• **INSTRUCTIONS TO FOLLOW**: Word for word, retype the first line of the records and every following line through the one containing "Men's*Pantofola d New".

--

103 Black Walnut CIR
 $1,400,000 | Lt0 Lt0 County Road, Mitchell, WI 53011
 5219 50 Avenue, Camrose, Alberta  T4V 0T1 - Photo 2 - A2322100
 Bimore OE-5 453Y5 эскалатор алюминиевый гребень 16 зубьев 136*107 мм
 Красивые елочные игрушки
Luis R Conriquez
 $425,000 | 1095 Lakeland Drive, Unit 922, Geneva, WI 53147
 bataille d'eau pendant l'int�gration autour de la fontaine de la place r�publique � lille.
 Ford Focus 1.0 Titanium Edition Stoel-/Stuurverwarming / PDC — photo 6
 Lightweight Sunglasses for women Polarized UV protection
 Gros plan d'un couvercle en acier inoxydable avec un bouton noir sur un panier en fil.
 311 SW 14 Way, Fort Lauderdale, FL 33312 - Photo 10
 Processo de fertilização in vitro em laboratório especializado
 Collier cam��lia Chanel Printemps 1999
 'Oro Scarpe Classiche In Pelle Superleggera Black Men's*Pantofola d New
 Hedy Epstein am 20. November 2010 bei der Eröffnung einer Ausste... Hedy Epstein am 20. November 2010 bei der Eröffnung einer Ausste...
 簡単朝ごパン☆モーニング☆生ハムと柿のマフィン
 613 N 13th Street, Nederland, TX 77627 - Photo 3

--

• **RESPONSE TO THIS EXERCISE**:
103 Black Walnut CIR
 $1,400,000 | Lt0 Lt0 County Road, Mitchell, WI 53011
 5219 50 Avenue, Camrose, Alberta  T4V 0T1 - Photo 2 - A2322100
 Bimore OE-5 453Y5 эскалатор алюминиевый гребень 16 зубьев 136*107 мм
 Красивые елочные игрушки
Luis R Conriquez
 $425,000 | 1095 Lakeland Drive, Unit 922, Geneva, WI 53147
 bataille d'eau pendant l'int�gration autour de la fontaine de la place r�publique � lille.
 Ford Focus 1.0 Titanium Edition Stoel-/Stuurverwarming / PDC — photo 6
 Lightweight Sunglasses for women Polarized UV protection
 Gros plan d'un couvercle en acier inoxydable avec un bouton noir sur un panier en fil.
 311 SW 14 Way, Fort Lauderdale, FL 33312 - Photo 10
 Processo de fertilização in vitro em laboratório especializado
 Collier cam��lia Chanel Printemps 1999
 'Oro Scarpe Classiche In Pelle Superleggera Black Men's*Pantofola d New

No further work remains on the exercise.